Mathematically speaking, is there any essential difference between initial value problems and boundary value problems?
The specification of the values of a function $f$ and the "velocities" $\frac{\partial f}{\partial t}$ at an initial time $t=0$ can also be seen, I think, as the specification of boundary values, since the boundaries of the variable $t$ are, usually, at $t=0$ and $t<\infty$.
When there is only one spatial variable then mathematically the two are indistinguishable. But often boundary value problems are solved over a higher dimensional domain. For example, a common problem in physics is to solve Laplace's equation over a spatial region of three dimensions, with a two dimensional surface providing the boundary conditions. If the boundary condition specifies the value of the solution on the surface, then it is called a Dirichlet boundary condition. However, sometimes the boundary condition specifies the normal derivative of the solution at the surface, and then it is called a Neumann boundary condition. Boundary value problems over multi-dimensional domains are necessarily tied to partial differential equations rather than ordinary differential equations, and so they are more complicated than ordinary differential equations with a single initial value specified.
Seems to me the difference is semantic:
It is implicit that one is seeking a specific solution to a problem in time and space given the initial values.
The boundary conditions bound the solutions but do not pick up a specific solution, unless the initial values are used.
Initial values pick up a specific solution from the family of solutions allowed/defined by the boundary conditions.

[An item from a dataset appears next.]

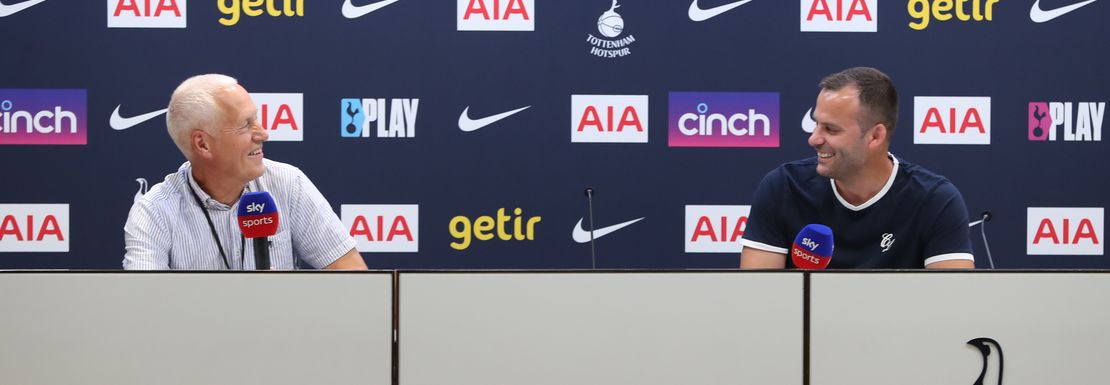 Two visitors sit at the press desk at Tottenham Hotspur's home stadium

In many cases, there really is no difference. Think of the specification of initial values as boundary values on a "time slice." (Incidentally, I addressed a question tangentially related to this the other day: Differentiating Propagator, Greens function, Correlation function, etc) However, sometimes the specificity of calling something an initial value question might indicate something useful about the boundary, e.g. that it is a Cauchy surface and all of the rest of space lies in its causal future/past if the problem is relativistic.